When I was studying economics at university one of our professors introduced us to Jorge Luis Borges’s “On Exactitude in Science”, a one-paragraph story. It imagines an empire so enthralled by cartography that larger and larger maps of the place are built by successive generations until a map on the same scale as the empire is drawn. Following generations realise a map of such magnitude is cumbersome and “in the western deserts, tattered fragments of the map are still to be found, sheltering an occasional beast or beggar”.
Our professor’s point back then was that in a world where trying to see and make sense of too much is impossible, simple models to comprehend the world (and economics was built on simple models) carry immense value. Some years on from that, combining big data and thick data promises the ability to see and understand much more. Their combination can provide maps which are vast but also allow us to make sense of the landscape and people inhabiting them. This piece shows what this could look like.
A convergence of data proliferation, increases in computing power and algorithmic advances have made data science (and the ability to see and perceive more of the world) both possible and powerful.
My foundational years as an economist were in the Chief Economist’s Department at the Financial Services Authority (now split across the FCA and the Bank of England).

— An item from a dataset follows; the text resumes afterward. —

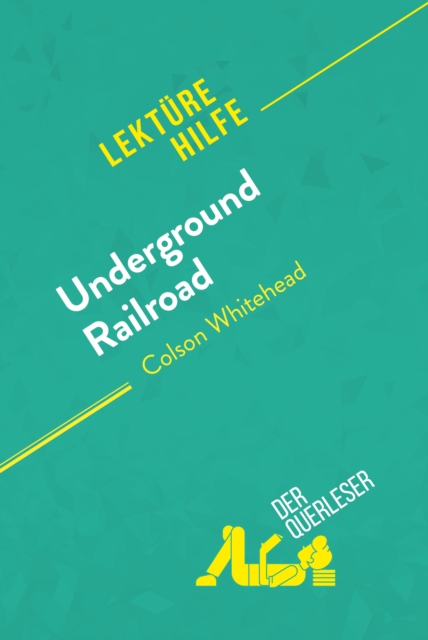 Underground Railroad von Colson Whitehead (Lekturehilfe) : Detaillierte Zusammenfassung, Personenanalyse und Interpretation, EPUB eBook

One of my teams was trying to understand market abuse (insider trading and manipulation) in stock markets. We would get daily tick data from the London Stock Exchange; this amounted to billions of data points over the year. In those (pre-big data analysis) days, we would run our models in our econometrics software packages, on linked-up “supercomputers”—and inevitably return to crashed systems in the morning. That was until our Chief Economist encouraged us to work with physicists who had long explored very large data sets, developing ways to filter and get to core relationships between points. We ended up using econophysics to build the stock market like a tree—every leaf a separate company, every branch a set of connected companies—and explored how this organism changed over time.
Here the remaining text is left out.